Description Index: In order to identify and retrieve a set of descriptions that are the most similar (i.e. most relevant) to the context of the target, we indexed the entire DMOZ dataset [DMOZ]. The DMOZ dataset consists of about 4 million entries, each consisting of a 4-tuple [URL, Title, Description, Topic] (note that a single URL can be listed under multiple Topics, and as a consequence can be associated with more than one Title/Description). The target context obtained from the context extractor is mapped to a single large query which is built according to the following procedure:
Any token that appears in the target URL is filtered out, the intuition being that such tokens are very likely to bias the subsequent retrieval results towards unrelated sites.
Each query term is boosted according to its term-frequency (tf) in the context data
This query is submitted to the index which returns a ranked list of URLs (discarded), together with their associated descriptions (sample output), which are passed to the next component. At this stage the assumption is that the URL's returned by the index are matching TARGET_URL's context and are therefore similar to TARGET_URL. We then seek to generate a summary for TARGET_URL based on those URLs' descriptions.
Although we are currently limiting ourselves to DMOZ descriptions, this part of the system can be readily extended to support additional sources of descriptive content, such as meta-descriptions (i.e. descriptions that are directly embedded in Web-documents by their authors.)
Sentence Clusterer: The descriptions returned at the previous stage may not belong to a single theme (as defined in [Barzilay2005]), which can be caused either by limited or noisy context data or simply by a lack of related URLs in the description index. In order to be able to extract the common backbone from a group of descriptions it is important that those descriptions be comparable (strongly dissimilar descriptions may introduce a significant amount of noise in the fusion process presented below and therefore we choose to apply the fusion algorithm only to homogeneous description clusters). To this end we perform similarity-based string clustering. We don’t know a-priori how many clusters should be created and therefore we use a parametric clustering algorithm where the maximum cluster diameter is the minimum expected similarity between any two descriptions belonging to the same cluster. The key issue in tuning our clusterer is to find the minimum similarity that causes fairly similar descriptions to be grouped together, while separating completely unrelated strings. We find that a fairly low similarity threshold actually works well in order to produce homogeneous description theme clusters. A potential future development will be the introduction of a parameter-free clustering algorithm. A sample output of the clusters output by this component is presented in Figure 3.
At this point note that we filter out clusters of size 1 (i.e. clusters that contain only one description): no abstraction is possible with a single description and we cannot assume that a single arbitrary description can be a valid description for the target. Finally we rank the remaining clusters by decreasing size and select the largest cluster for further processing: provided the amount of descriptions retrieved at the previous stage remains fairly small (we are currently keeping only the top 10 descriptions returned by the index), we expect the largest cluster to be representative of the theme of the target URL.

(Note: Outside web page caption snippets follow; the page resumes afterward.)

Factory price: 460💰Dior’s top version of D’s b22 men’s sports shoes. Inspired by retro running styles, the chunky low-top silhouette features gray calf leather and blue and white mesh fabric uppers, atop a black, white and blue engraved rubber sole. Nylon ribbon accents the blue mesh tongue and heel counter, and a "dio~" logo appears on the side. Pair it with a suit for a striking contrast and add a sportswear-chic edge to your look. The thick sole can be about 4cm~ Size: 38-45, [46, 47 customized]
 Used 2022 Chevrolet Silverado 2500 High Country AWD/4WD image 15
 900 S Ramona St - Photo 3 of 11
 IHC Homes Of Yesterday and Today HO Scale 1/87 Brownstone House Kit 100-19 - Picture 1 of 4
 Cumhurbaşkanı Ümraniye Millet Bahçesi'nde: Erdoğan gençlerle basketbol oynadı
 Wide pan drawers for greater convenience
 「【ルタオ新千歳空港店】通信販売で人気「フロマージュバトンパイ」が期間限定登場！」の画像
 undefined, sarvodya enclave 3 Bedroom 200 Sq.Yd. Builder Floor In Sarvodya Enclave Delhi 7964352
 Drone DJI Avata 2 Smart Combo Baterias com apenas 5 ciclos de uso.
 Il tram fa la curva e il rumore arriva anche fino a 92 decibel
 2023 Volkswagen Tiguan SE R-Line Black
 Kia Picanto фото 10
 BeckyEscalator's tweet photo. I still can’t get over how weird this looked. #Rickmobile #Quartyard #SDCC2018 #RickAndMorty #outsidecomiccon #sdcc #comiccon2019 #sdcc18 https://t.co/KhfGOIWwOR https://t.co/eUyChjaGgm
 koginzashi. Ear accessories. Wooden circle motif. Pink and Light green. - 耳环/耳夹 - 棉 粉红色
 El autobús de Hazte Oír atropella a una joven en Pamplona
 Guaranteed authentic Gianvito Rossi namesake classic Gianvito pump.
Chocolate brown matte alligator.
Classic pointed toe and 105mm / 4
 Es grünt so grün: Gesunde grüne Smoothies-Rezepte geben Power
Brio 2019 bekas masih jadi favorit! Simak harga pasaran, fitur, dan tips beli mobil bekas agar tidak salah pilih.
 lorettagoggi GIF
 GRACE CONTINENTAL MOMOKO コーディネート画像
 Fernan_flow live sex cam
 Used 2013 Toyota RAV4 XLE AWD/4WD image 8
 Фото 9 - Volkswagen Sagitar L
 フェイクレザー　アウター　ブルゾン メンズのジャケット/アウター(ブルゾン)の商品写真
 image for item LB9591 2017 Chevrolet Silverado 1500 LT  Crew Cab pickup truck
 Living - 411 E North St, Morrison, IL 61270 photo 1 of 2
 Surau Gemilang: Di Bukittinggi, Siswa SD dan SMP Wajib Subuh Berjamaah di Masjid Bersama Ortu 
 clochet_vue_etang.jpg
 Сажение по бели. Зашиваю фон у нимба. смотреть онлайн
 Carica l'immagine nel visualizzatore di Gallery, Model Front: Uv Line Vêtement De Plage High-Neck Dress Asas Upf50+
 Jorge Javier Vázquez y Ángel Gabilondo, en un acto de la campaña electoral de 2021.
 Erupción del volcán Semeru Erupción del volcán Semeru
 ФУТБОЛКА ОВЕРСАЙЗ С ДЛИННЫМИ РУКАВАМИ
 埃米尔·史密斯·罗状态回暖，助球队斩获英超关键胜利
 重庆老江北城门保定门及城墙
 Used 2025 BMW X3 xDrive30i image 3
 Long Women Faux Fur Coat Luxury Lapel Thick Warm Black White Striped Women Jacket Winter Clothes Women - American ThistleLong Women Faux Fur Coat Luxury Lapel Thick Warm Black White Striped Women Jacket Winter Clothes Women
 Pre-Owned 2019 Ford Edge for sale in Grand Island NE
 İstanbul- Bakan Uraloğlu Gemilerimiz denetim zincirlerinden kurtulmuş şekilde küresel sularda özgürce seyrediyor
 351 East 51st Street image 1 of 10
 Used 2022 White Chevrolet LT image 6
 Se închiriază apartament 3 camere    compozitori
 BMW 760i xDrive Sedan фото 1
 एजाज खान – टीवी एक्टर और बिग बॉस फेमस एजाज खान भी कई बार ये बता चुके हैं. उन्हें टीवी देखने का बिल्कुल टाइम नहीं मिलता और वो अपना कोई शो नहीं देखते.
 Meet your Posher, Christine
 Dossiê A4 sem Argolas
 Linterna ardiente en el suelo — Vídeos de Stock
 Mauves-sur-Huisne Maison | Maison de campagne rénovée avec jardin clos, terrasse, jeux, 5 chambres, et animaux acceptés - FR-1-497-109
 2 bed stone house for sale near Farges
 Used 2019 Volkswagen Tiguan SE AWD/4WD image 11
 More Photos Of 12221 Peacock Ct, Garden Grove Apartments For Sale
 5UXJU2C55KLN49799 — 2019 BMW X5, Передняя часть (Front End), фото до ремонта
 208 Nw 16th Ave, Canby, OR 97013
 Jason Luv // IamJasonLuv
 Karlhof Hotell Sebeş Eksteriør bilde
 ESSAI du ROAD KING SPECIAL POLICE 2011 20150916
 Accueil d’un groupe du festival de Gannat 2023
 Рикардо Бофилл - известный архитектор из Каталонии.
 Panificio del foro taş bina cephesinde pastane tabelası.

Figure 3: Related description clusters for the URL http://www.debo.it.
The third cluster is discarded (size 1). The second cluster, which is the largest,
is selected as the best candidate and is used for text-to-text generation, leading to the description
"Import and export services provided." which is a valid summary for this URL.
Sentence Fusion: This component relies on a deeper analysis of the related description cluster generated at the previous stage. To this end we first generate a dependency parse of all sentences (currently using the Stanford Parser). Given this input (sample input), we then use the sentence-fusion algorithm described in [Barzilay2005] to generate a single sentence that combines common content from the – comparable - input sentences. More specifically, the input of the fusion algorithm is a collection of dependency parse trees for the input sentences. The fusion component attempts to generate a single sentence that reflects the information common to all the input sentences. To do so it first identifies sub-trees common to most input sentences. Those sub-trees are then combined into a fusion lattice that models all possible verbalizations of the information shared by the input sentences. Candidate sentences are finally obtained by linearizing this fusion lattice, the best sentence (sample output) being selected based on a language model (lowest entropy).
We are interested in seeing how our approach would fare against the best known context-based summarizers. To this end we have developed an evaluation framework to assess the overall quality of Web summaries produced by various Web-summarizers. Below we present the results of a large scale evaluation of the approach described above and compare it with a state-of-the-art baseline.
In this set of experiments our baseline is the context-only summarizer described in [Delort2003]. At the time of this writing, we have not been able to get access to the original system, nor to the original results. We therefore resolved to create a best-effort implementation of this summarizer. As this system essentially behaves as a multi-document summarizer - where each sentence surrounding a link to the target is considered a document of its own - we chose to use the MEAD summarization framework [Radev2004] as a basis for our implementation. While we cannot guarantee that our corpus and the corresponding context data are identical to what was used in [Delort2003], we have been able to obtain a comparable performance on non-filtered context data and therefore believe that this baseline, which we refer to as MEAD in the following, is likely to represent the state-of-the-art of context-based summarizers.
We follow the evaluation methodology described in [Delort2003] and randomly select 2000 URLs from the DMOZ dataset. Since our approach is currently targeting the English language (the Part-of-Speech tagger and sentence-fusion components expect English content) we restrict ourselves to the English part of the DMOZ dataset and discard any entry listed under the Top/International/ category.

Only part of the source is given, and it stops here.